Drupal JSON:API Extractor

node

This package is a Drupal json:api client library with one primary responsibility - to crawl through a Drupal produced json:api and save the resulting data to static json files in directory structures to allow easy access to the files.

Why all the trouble? For Drupal sites with only hundreds or low thousands of pages (the majority) enabling the (now core) json:api module in conjunction with this library allows for fully static front ends. Having a way to export all of a site's data to static json files allows those files to be deployed, statically, along with a site's decoupled front end.

It also presents an opportunity to transform the standard json:api output to something a little more friendly for developers to work with. Ideally this library is used during the static generation process.

Getting started

Crawling all drupal nodes of a given content type with each node's associated relationships (including paragraphs) is pretty easy.
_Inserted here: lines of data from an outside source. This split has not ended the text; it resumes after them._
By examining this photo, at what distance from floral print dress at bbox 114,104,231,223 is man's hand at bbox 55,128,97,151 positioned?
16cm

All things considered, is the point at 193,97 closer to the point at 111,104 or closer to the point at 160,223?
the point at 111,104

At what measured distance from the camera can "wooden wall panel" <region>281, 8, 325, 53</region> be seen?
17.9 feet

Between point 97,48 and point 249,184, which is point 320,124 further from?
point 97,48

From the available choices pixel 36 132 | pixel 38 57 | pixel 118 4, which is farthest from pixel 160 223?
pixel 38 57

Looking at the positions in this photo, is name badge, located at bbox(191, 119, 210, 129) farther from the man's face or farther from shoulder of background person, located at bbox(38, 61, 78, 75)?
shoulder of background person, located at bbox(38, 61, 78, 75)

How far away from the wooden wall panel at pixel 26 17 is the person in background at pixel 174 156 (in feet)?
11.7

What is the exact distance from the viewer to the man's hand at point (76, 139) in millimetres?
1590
const { Spider } = require('drupal-jsonapi-extractor')
 
const baseURL = 'https://example.org/jsonapi/'
const spider = new Spider({ baseURL })
 
spider.crawl('/node/blog')
// or to crawl every published node
spider.crawlNodes()

While the above Spider does crawl through an entire set of content types it does not actually do anything with the results. This is where we introduce the Extractor object.

const { Spider, Extractor } = require('drupal-jsonapi-extractor')
 
const baseURL = 'https://example.org/jsonapi/'
const spider = new Spider({ baseURL })
const extractor = new Extractor(spider, { location: './downloads' })
 
extractor.wipe().then(() => spider.crawl('/node/content-type'))
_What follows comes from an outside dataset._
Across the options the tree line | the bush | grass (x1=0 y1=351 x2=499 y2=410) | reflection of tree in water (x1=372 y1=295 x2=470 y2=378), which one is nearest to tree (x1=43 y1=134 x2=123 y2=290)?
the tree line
Note: The extractor has a helpful utility function wipe() which will returns a Promise and ensures the target directory is completely empty before resolving.

The above code will output a new downloads directory with the structure:

downloads/
  _resources/
    node/
      blog/
        0ef56bbd-b2d6-475e-8b83-e1fa9bc1e7fb.json
    paragraph/
      hero/
        425a6dc1-5158-4f12-8d54-eb8a7af369f0.json
    taxonomy_term/
      tags/
        2d850e4b-9d2f-4b8f-b1e7-ad959de8b393.json
  _slugs/
    node/
      1.json
    blogs/
      my-first-blog-post.json

This structure is intended to serve static sites well by allowing lookup by the unique json:api global unique id, as well as the more traditional drupal path (node/1) and a node's alias "slug" (/blogs/my-first-blog-post).
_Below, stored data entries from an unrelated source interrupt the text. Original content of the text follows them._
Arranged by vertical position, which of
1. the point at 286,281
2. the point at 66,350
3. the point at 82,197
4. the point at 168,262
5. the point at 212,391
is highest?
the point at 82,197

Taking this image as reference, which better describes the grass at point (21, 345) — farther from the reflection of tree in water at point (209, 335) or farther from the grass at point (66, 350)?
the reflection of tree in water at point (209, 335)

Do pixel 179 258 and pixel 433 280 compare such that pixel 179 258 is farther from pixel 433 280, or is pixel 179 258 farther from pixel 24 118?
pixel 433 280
The extractor by default saves the exact output of the json:api. However, when developing your decoupled front end you may prefer a slightly less verbose json schema. This package includes a transformer that allows easily "cleaning" of the output:

const extractor = new Extractor(spider, {
  location: './downloads'
  clean: true
})

Sometimes it is nice to see the progress of the download process. This package includes a console logger as well.

const { Spider, Extractor, Logger } = require('drupal-jsonapi-extractor')
 
const baseURL = 'https://example.org/jsonapi/'
const spider = new Spider({ baseURL })
const extractor = new Extractor(spider, { location: './downloads' })
const logger = new Logger([spider, extractor])
 
spider.crawl('/node/content-type')

The logger in our example would print to the command line:

✔️  node: 1
✔️  taxonomy_term: 1
✔️  paragraph: 1
----------------------------
🎉   Crawl complete!
Errors.................0
node...................1
paragraph..............1
taxonomy_term..........1

Configuration options

Each of the provided classes have a number of configuration options.

Spider

You pass options as the first argument when instantiating a new Spider.

new Spider(options)

{
  // (required) Should include the /jsonapi/ segment
  baseURL: 'https://example.org/jsonapi/'
 
  // (optional) Instance of axios with baseURL already applied
  api: axios,
 
  // Quite the program on a crawl error
  terminateOnError: false,
 
  // What is the maximum number of concurrent api requests the spider can open.
  // you get timeout errors from the api, reduce this number.
  maxConcurrent: 5,
 
  // (optional) Resource class configuration options
  resourceConfig: {
    // (optional) Array of regex that is used to determine which relationships should be crawled
    relationships: [
      // By default, only relationships that start with field_ are crawled
      new RegExp(/^field_/)
    ]
  }
}

Extractor

You pass options as the second argument when instantiating a new Extractor.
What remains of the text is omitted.